Mark Lentczner wrote:

Awhile back, I saw Larry Wall give a short talk about the current design of Perl 6. At some point he put up a list of all the operators - well over a hundred of them! I had a sudden inspiration, but it took a few months to get around to drawing it...

http://www.ozonehouse.com/mark/blog/code/PeriodicTable.html

Fascinating. I wish I had a printer big enough to do it justice.

Some thoughts:

Anonymizers: Is (...) really an anonymous-value constructor, in the same class as [...] and {...}? Assuming that C-like comma isn't around any more (was that finalized?) parentheses aren't really doing anything fancy with respect to list construction. Now they are perhaps merely grouping operators at precedence level 0.

Declars: does "sub" fall into this category? I ask because of the symmetry of
$x = sub { ... };
and
$x = hash { ... };
but perhaps sub belongs in a different spot.


Comparisons and junction/bitmasks: The table has comparisons binding tighter than junctions and bitwise operations. This is how Perl 5 has it, which is because Perl 4 had it that way, which ultimately is because C had it that way. One of the creators of C is on record[*] as saying how that was an unfortunate mistake, because it meant you had to put parentheses around
if ( (x & 0xF) == 0xF )
or you didn't get the expected behaviour.

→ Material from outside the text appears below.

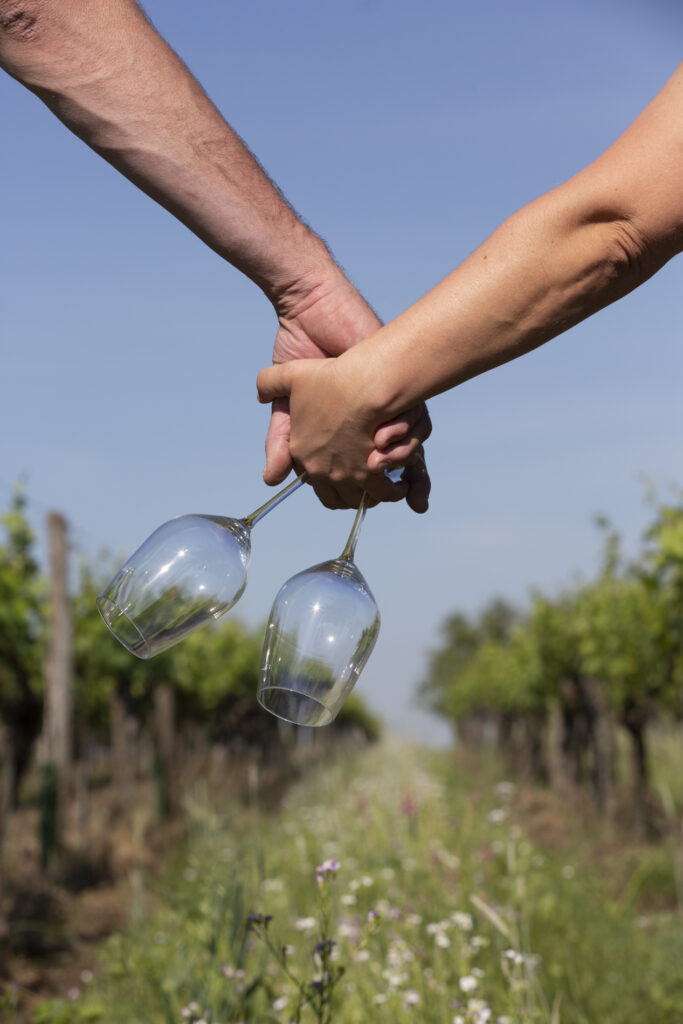 Zwei Hände mit Weingläsern Hand in Hand auf einer grünen Wiese.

Since we're effectively abandoning a C-like pantheon of operators in Perl6, maybe this is the time to make it right, and put the precedence as:
multiplication (6)
addition (7)
shifts (8)
bitmasks (9)
comparison (10, 11)
logical operators (12)


It would then mean no parentheses were needed in this Perl6:
if $x == 5|6 { ... }
(though I could buy an argument that putting parentheses in would be a Good Idea).